* Activity: Everything in the entries below must be output exactly, apart from the pictures.

* Given entries:
....

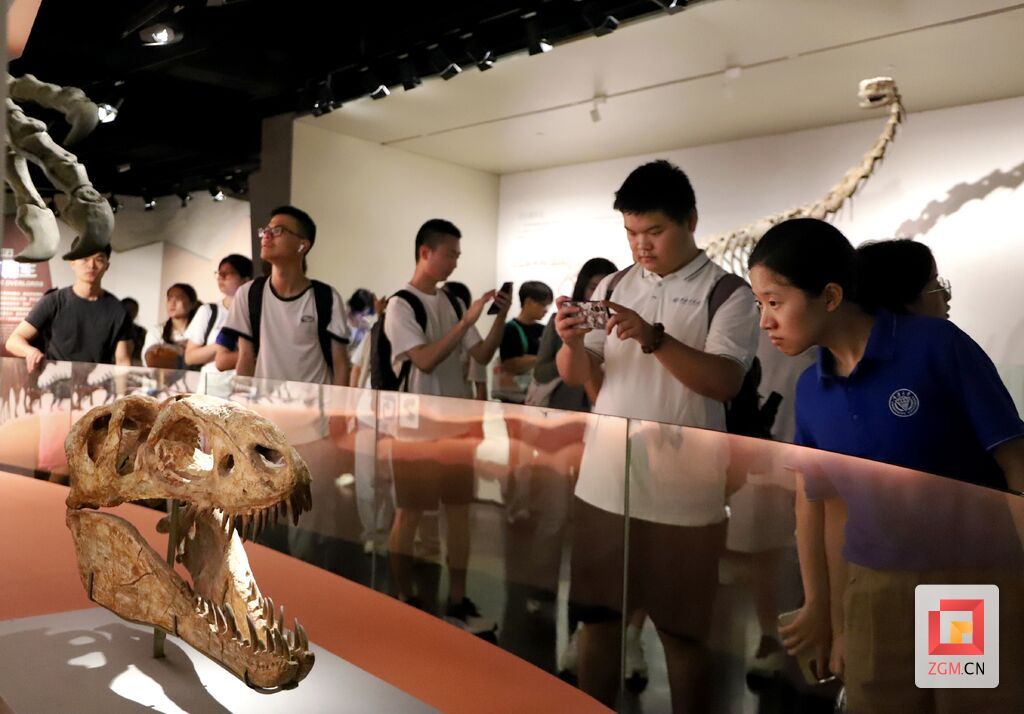 场馆迎来学生潮.jpg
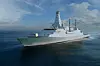 Type 26-fregatten fra britiske BAE Systems er i en sterk posisjon til å bli Norges fremtidige fregatt, ifølge The Telegraph.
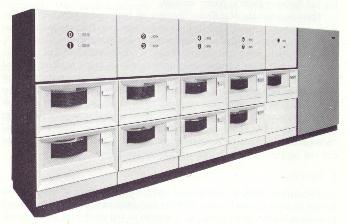 Another trip down memory lane IBM 2314 About the size of 6 refrigerators 8 x 29MB (M!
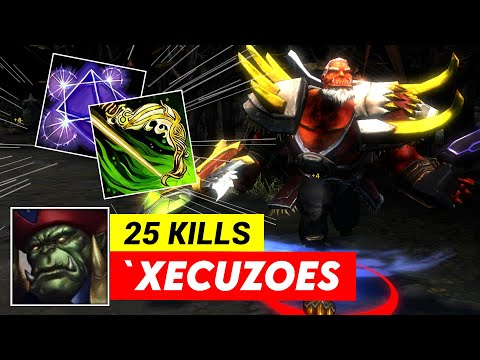 HoN Flint Beastwood - `xEcuzoes 1700+ MMR NM MVP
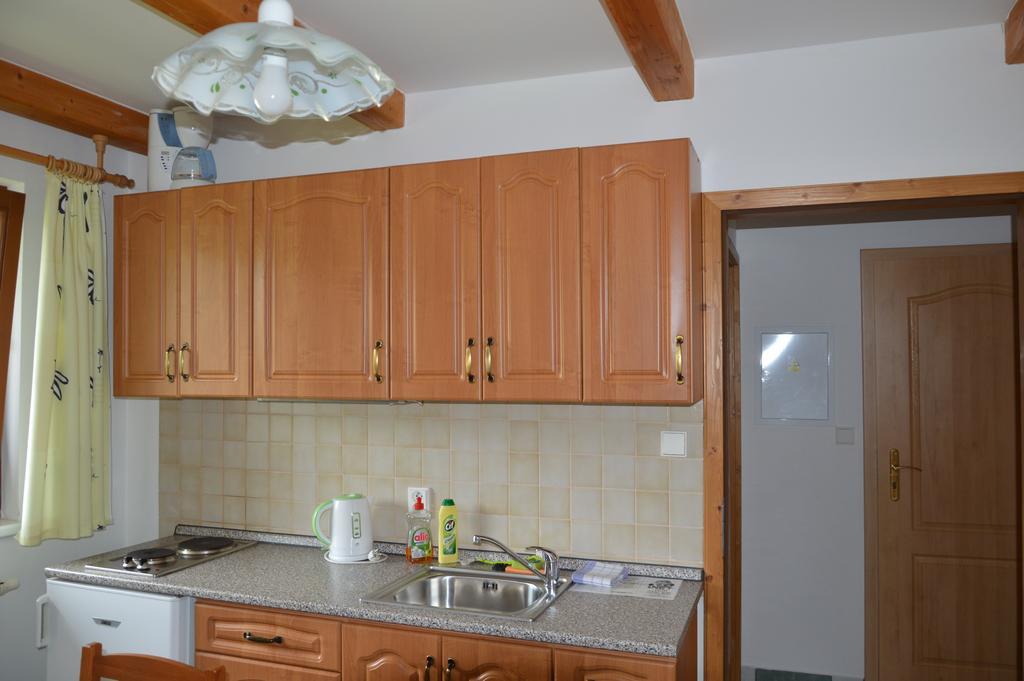 Apartmany U Vacu Železná Ruda 외부 사진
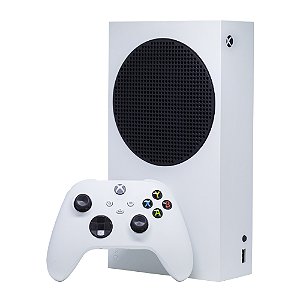 Console Usado Xbox Series S 512GB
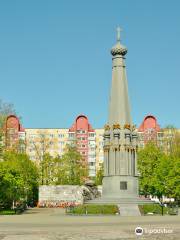 Monument to Heroes of Patriotic War 1812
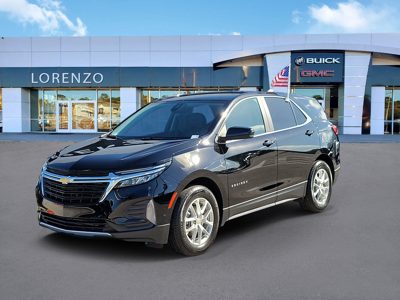 2024 Chevrolet Equinox FWD4DRLTW/1LT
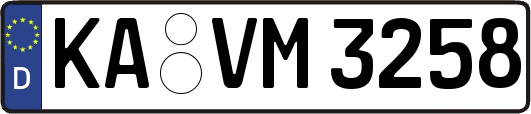 KA-VM3258
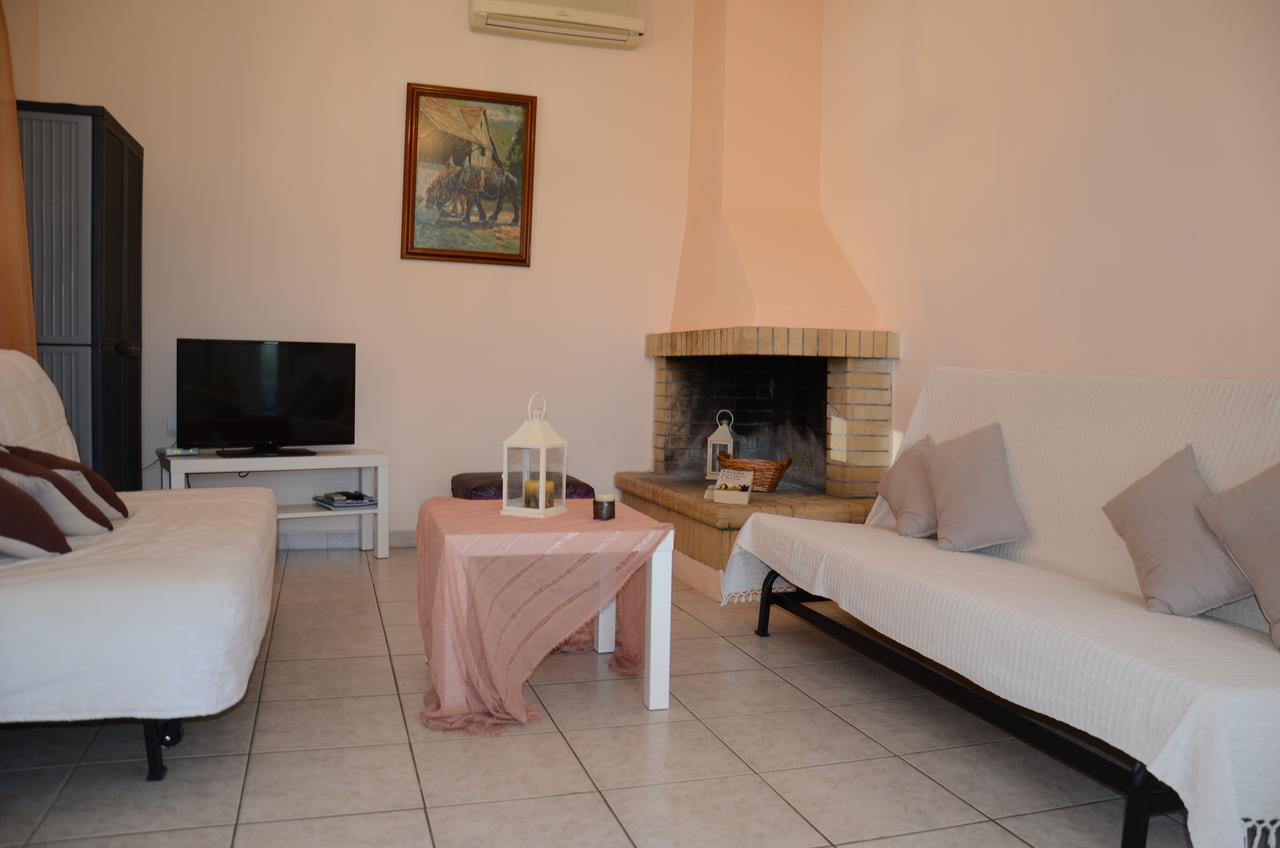 Villa Clementine Гайос Екстериор снимка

....

* Completed task:
 场馆迎来学生潮.jpg
 Type 26-fregatten fra britiske BAE Systems er i en sterk posisjon til å bli Norges fremtidige fregatt, ifølge The Telegraph.
 Another trip down memory lane IBM 2314 About the size of 6 refrigerators 8 x 29MB (M!
 HoN Flint Beastwood - `xEcuzoes 1700+ MMR NM MVP
 Apartmany U Vacu Železná Ruda 외부 사진
 Console Usado Xbox Series S 512GB
 Monument to Heroes of Patriotic War 1812
 2024 Chevrolet Equinox FWD4DRLTW/1LT
 KA-VM3258
 Villa Clementine Гайос Екстериор снимка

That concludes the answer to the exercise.